Property Rights & Politics

Oregon’s Land-Use Debate Raises Idea: Developers Should Pay for Gov’t “Givings”

The Portland-area Metro planners see potential for up to $1 billion in windfall profits tax on land

By Dan Richardson, 5-02-06

 
 

When John J. Wallace proposed in pages of the state’s namesake newspaper that land developers’ profits be split with the government, he stated a sort of anti-position to Oregon’s Measure 37.

Measure 37 orders government to pay land owners when regulations devalue their property, or else waive those regulations. But what about regulations that increase property values? Wallace wrote that “when it comes to the worth of real estate, the government giveth and the government taketh away. By harnessing this essential principle, we can balance the opposing forces in the land-use wars.”

The idea’s simple: If property owners profit from land use regulations, they should split the money with the government.

“For example, imagine that a city council decides to triple residential housing density close to a light-rail station. Let's say a nearby vacant parcel once valued at $1 million doubles in value overnight. Effectively, local government has "decreed" this increase to $2 million in property value, so it also may decree that the increase must be shared. The owner can keep half, and the state will take the other.”

This good-for-the-goose approach to land-use planning would, argues Wallace, “make land-use compensation work for everyone.”

Of course, developers will want nothing of the sort. Property rights don’t include responsibilities, don’t you know? Not to neighbors, and no way to the larger public.

Wallace’s position might be seen as the staking out of an extreme position to counteract another extremity encapsulated in Measure 37 — making the idea of a Big Look at the state’s land use system all the more moderate and palatable.

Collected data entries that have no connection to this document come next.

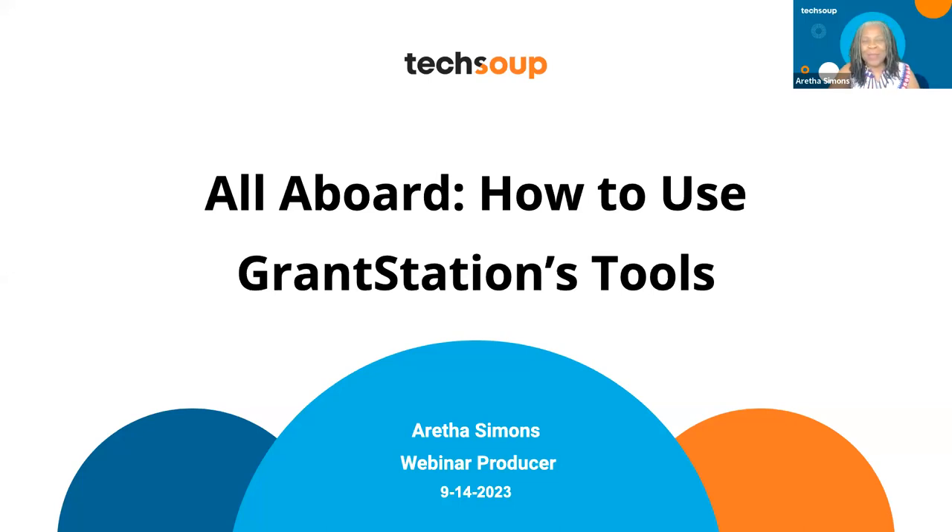This is going to be a great webinar. I always learn when GrantStation is here, especially how to navigate using their website. We're going to have a special guest from GrantStation to show you how to do that and more. My name is Aretha Simons, and I'm the webinar producer here at TechSoup.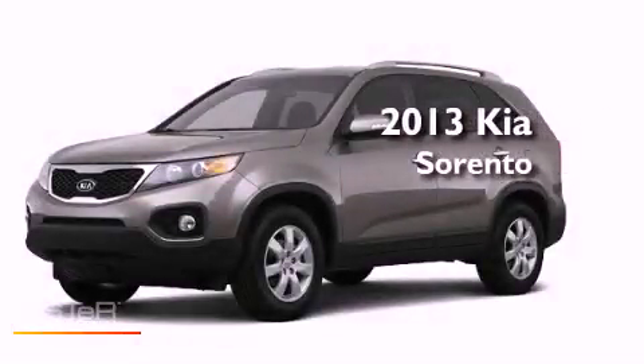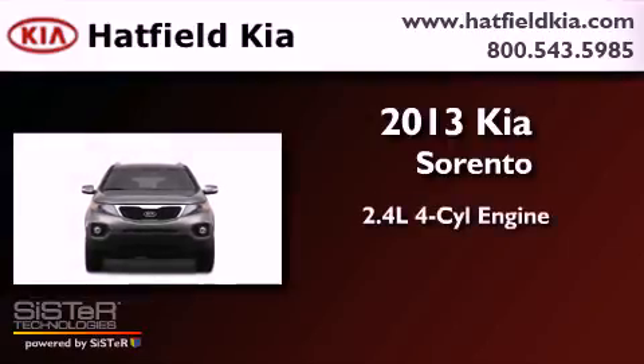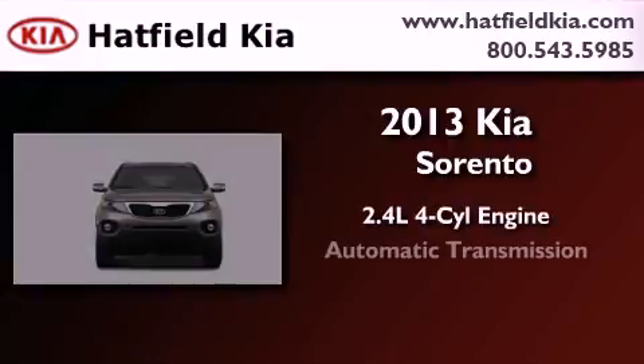This is a brand new 2013 Kia Sorento. It features a 2.4-liter four-cylinder engine and an automatic transmission.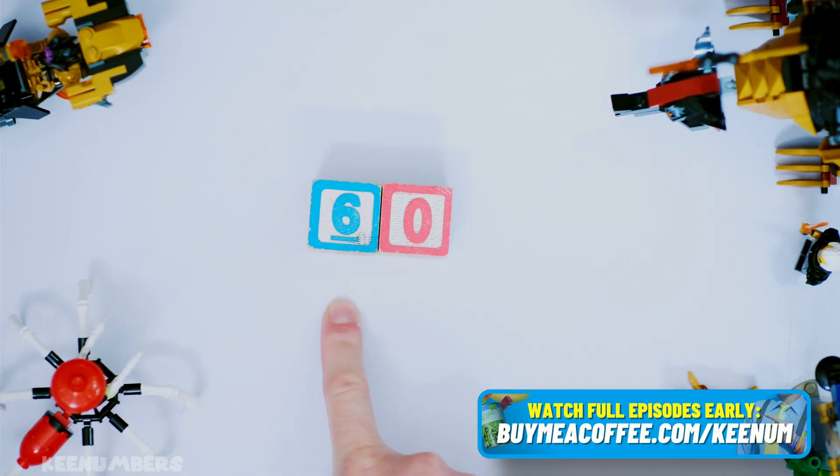Welcome to the bonus section. Is 60 divisible by four? Well, it was on the list, but if you forgot — and that's okay — you're not supposed to memorize it.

Of course, Wallace has a potent point: If the traditional developers’ risks are to be eliminated at the expense of land-use planning, then maybe so should their profits. The two are inseparable — or were, before Measure 37.

But two bad ideas — eliminating the power of the state to regulate land, and forcing private developers into bed with the government — don’t necessarily balance each other out. No, they might well compound one another.

This bears further study.

Oh, it’s been studied some already. The greater Portland Metro government has been contemplating a real estate “givings” tax, or “windfall tax” on land profits since December 2002. The idea is to pay for farmland preservation and other land-use goals, including potentially compensating landowners under Measure 37, says Metro.

Metro finally and very recently published a study (“The Fair Growth and Farmlands Project”) estimating that for the Metro area alone, “Revenues from this source of funds, using a reasonable set of assumptions, could range from $100 million to more than $1 billion over 20 years.”

Measure 37's backers promised to help landowners recoup profits presumably lost to regulatory “takings"; we can be sure that government will soon see dollar signs in reaping back from its “givings.”